The United States has always found it difficult to honor both these opposites, the


state and the country, and to live in the resonating space between. If the opposites get


too far apart, ungovernable forces flow into the gap.


During the sixties, the "sixties people," students, live-wires, populists,


took us all toward the country, private delights, pleasures, country compassion. The state


was despised. When too large a gap opens between state and country, forces connected to


frontier mentality and mad individualism enter, and the nation is forced to experience the


assassination of its greatest leaders. The Bush administration has now repeated that


error, pulling the nation toward the state this time, giving war–the health of the


state–full rein. That, alas, means increased sickness in the country. Psychologically,


then, a dissolving of the opposites is taking place, no resonant space between, an empty


place where complicated thought should be.


The United States, as we know from our own history, needs to beware of that gap and the


forces it invokes. Sophocles expresses the danger in his great rendition of


Agamemnon’s dilemma on the way to the Trojan War.
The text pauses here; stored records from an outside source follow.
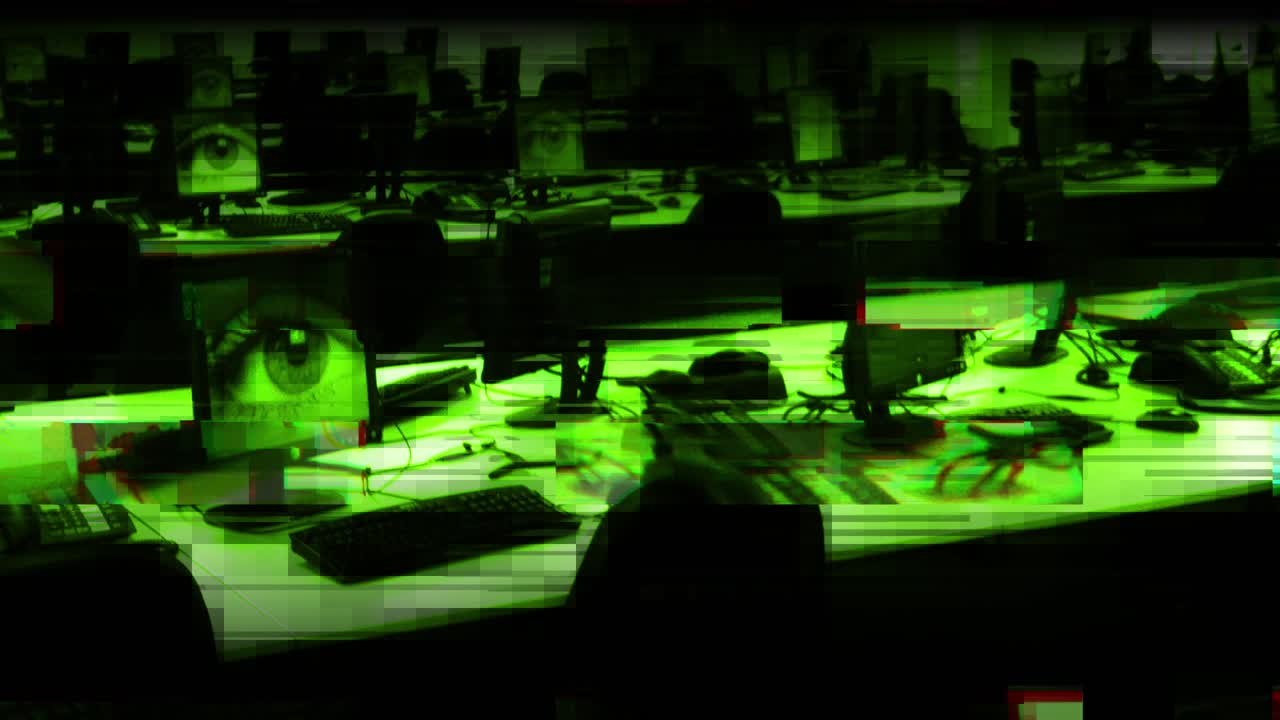 Glitchy panning CCTV footage of a huge room of computers with large eyes on the monitors; surveillance, big brother, watching you, control, paranoia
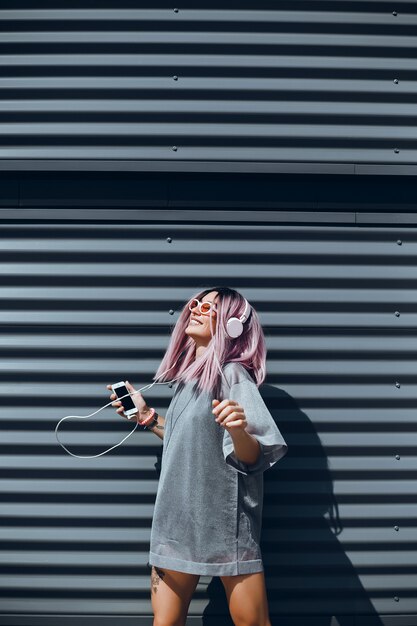 young beautiful girl uses a smartphone on the street, surfing the internet and listening music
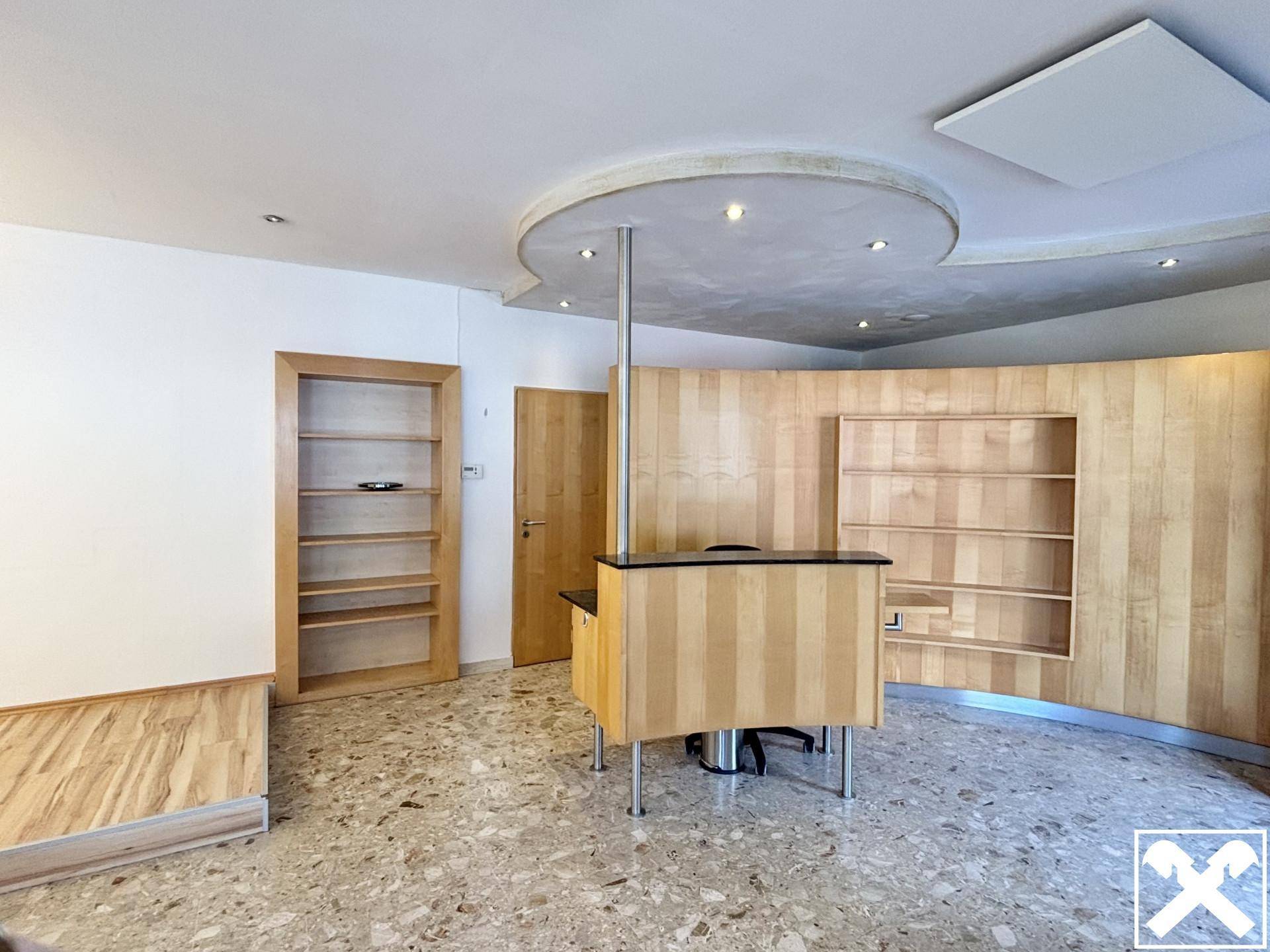 Empfangsbereich mit geschwungener Decke, Holzvertäfelung und integrierten Regalen.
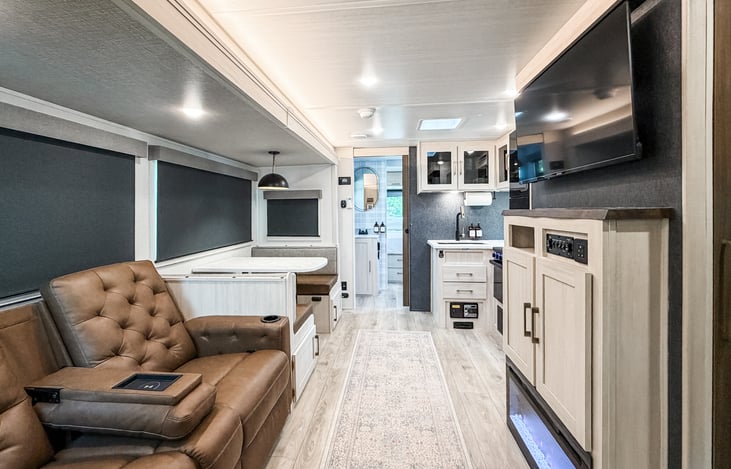 Common area includes living space, dining, and kitchen.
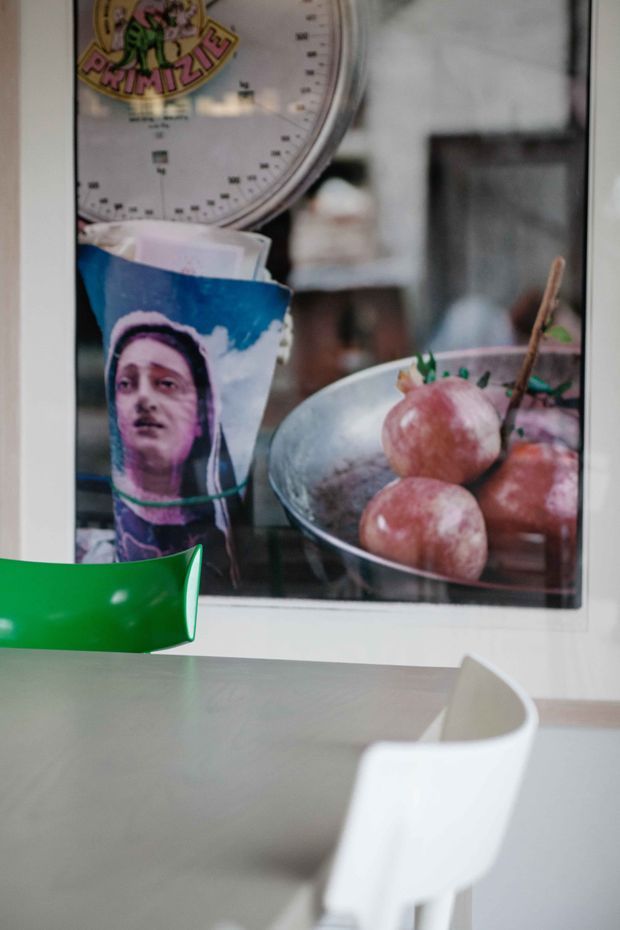 A close-up view of a contemporary dining area with a grey tabletop, white molded dining chairs, and a bright green chair partially visible. A large framed artwork or photograph depicting a bowl of apples and a kitchen scale hangs on the wall, adding a colourful eclectic accent.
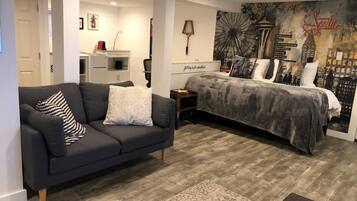 A modern bedroom with a bed, a sofa, and a city-themed wall mural.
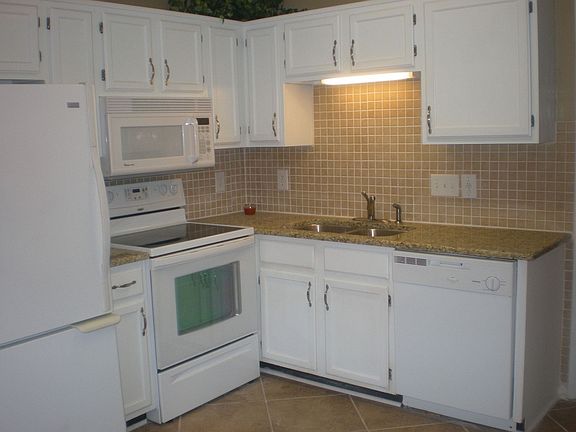 new kitchen w/ granite, 16x16 ceramic tile, tile backsplash, New appliances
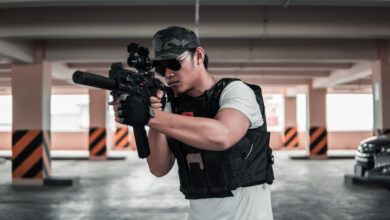 A man dressed in tactical gear aims a rifle in a shaded parking area, suggesting a training scenario.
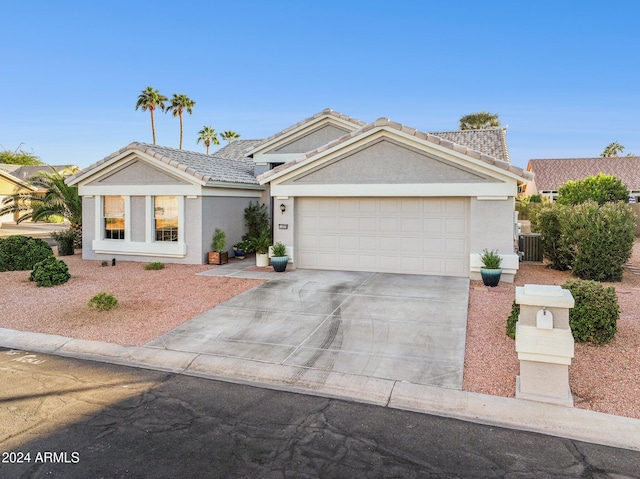 ranch-style home featuring a garage and cooling unit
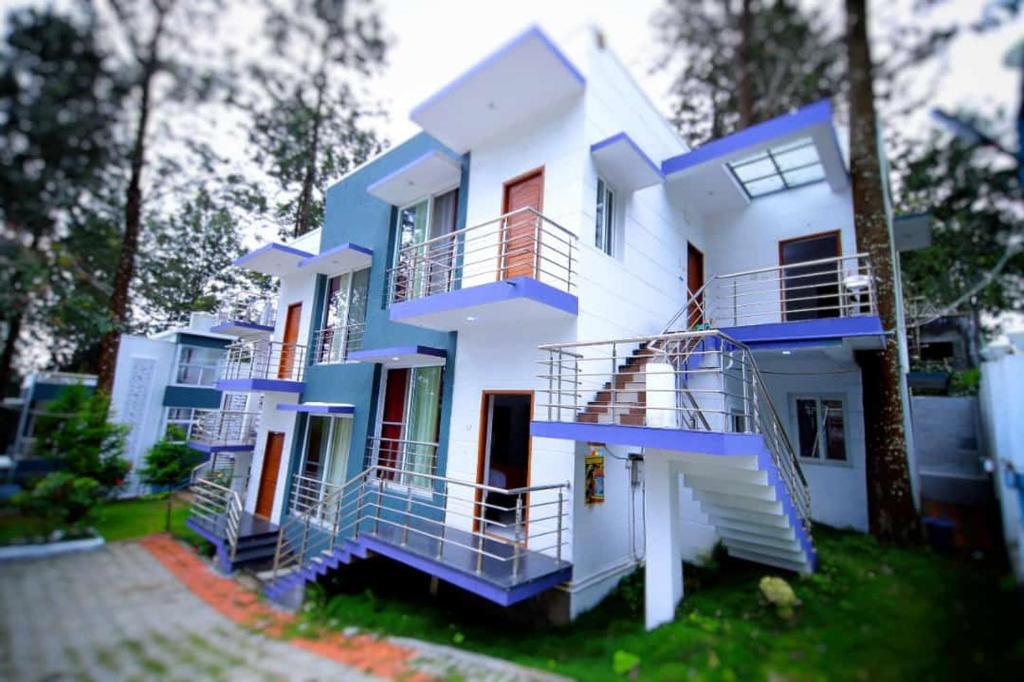 ein weißes und blaues Haus mit blauen Treppen in der Unterkunft GV Resort in Yercaud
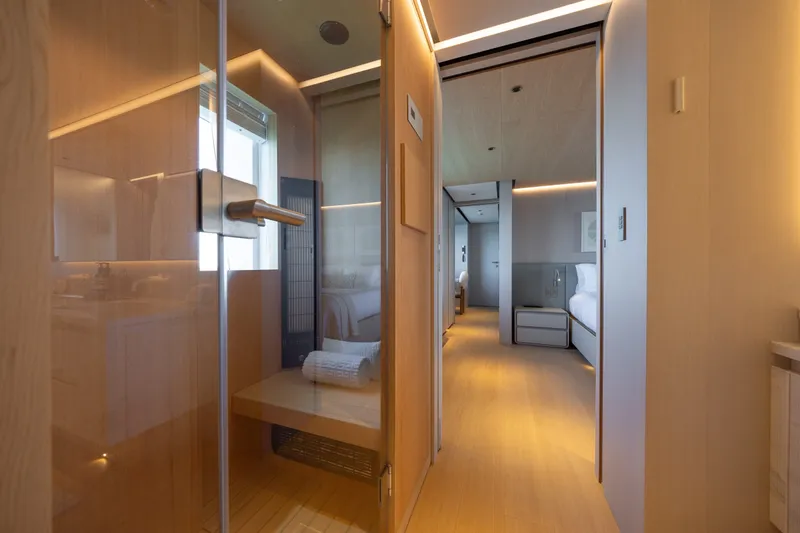 Slide: The Image of Luxurious interior of 2023 Cantiere Delle Marche RJ 115 yacht, featuring modern design and elegant wood finishes. - 29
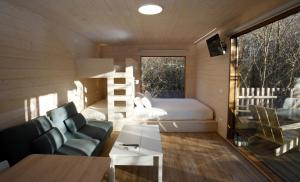 a bedroom with a bed and a couch and a table at Cabanas das Chousas in Lugo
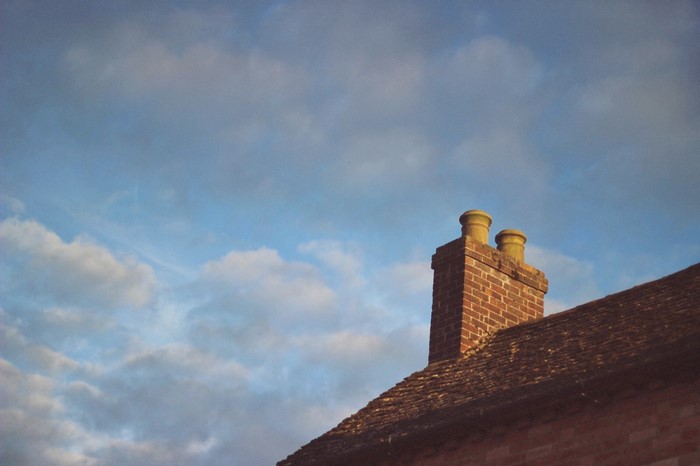 Brick chimney on a tiled roof against a cloudy sky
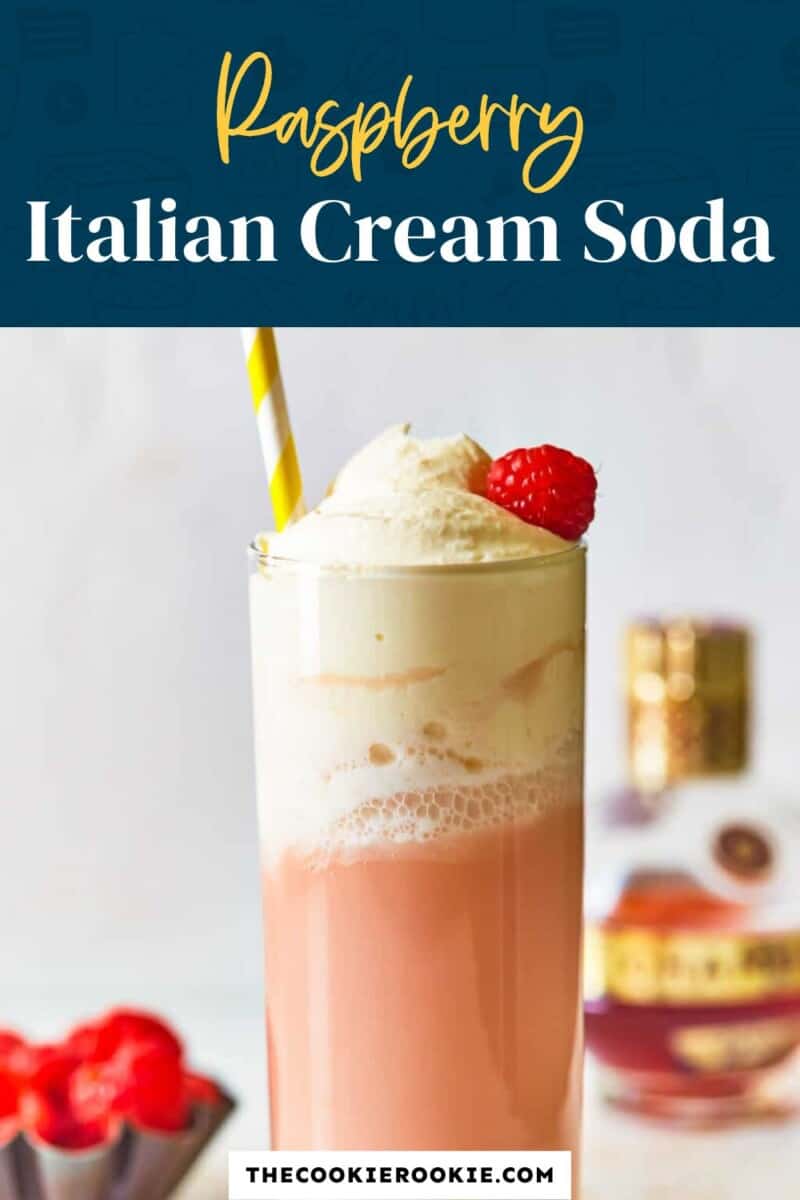 raspberry italian cream soda in a glass with a straw.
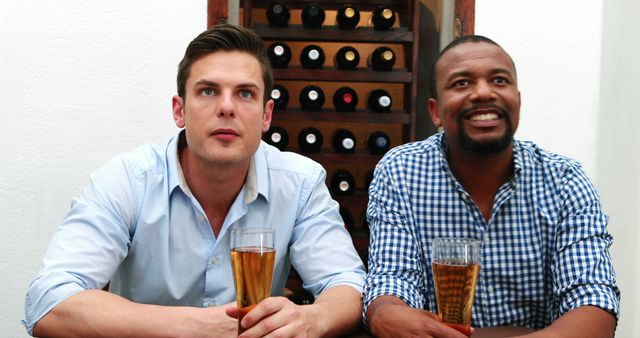 Two Friends Enjoying Beer in Front of Wine Rack - Download Free Stock Images Pikwizard.com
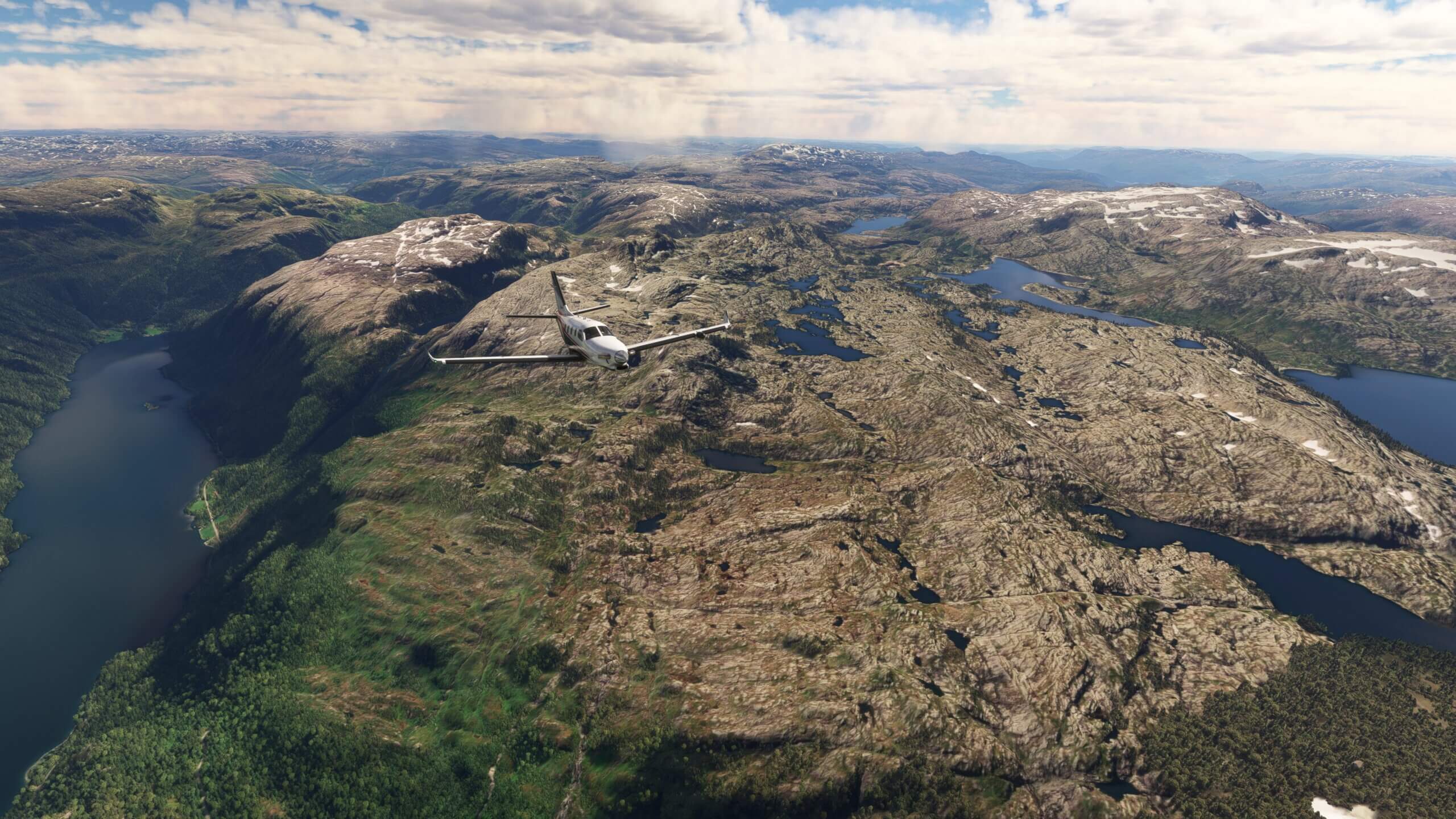The TBM 930 passes low over rocky terrain, with scattered clouds above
The winds, necessary for that war


"that is the health of the state" will not come unless he sacrifices his


daughter. In private life, she is his chief joy, but he says, very pitifully, that as a


public man he in effect has no desires. He sacrifices his daughter. In our terms,


"daughter" would be the country and its human needs. His wife, Clytemnestra,


watches this, and when he returns from the war, kills him ritually in his bath. President


Bush has foolishly opened this gap between the state and the country, and he hopes that no


evil forces will enter if he opens it only briefly. This will not be Vietnam. But the


invisible forces care nothing for length.


In our war fever, we have already sacrificed our "daughter": that is, the


human needs of the country, and the forces of this story have been set in motion. Bush and


the Congress and the majority of the citizens have unwisely, like President Johnson,


sacrificed the domestic program to the passions of the state, and the result will likely


be the same sorrow and grief one feels at the end of a Sophocles play.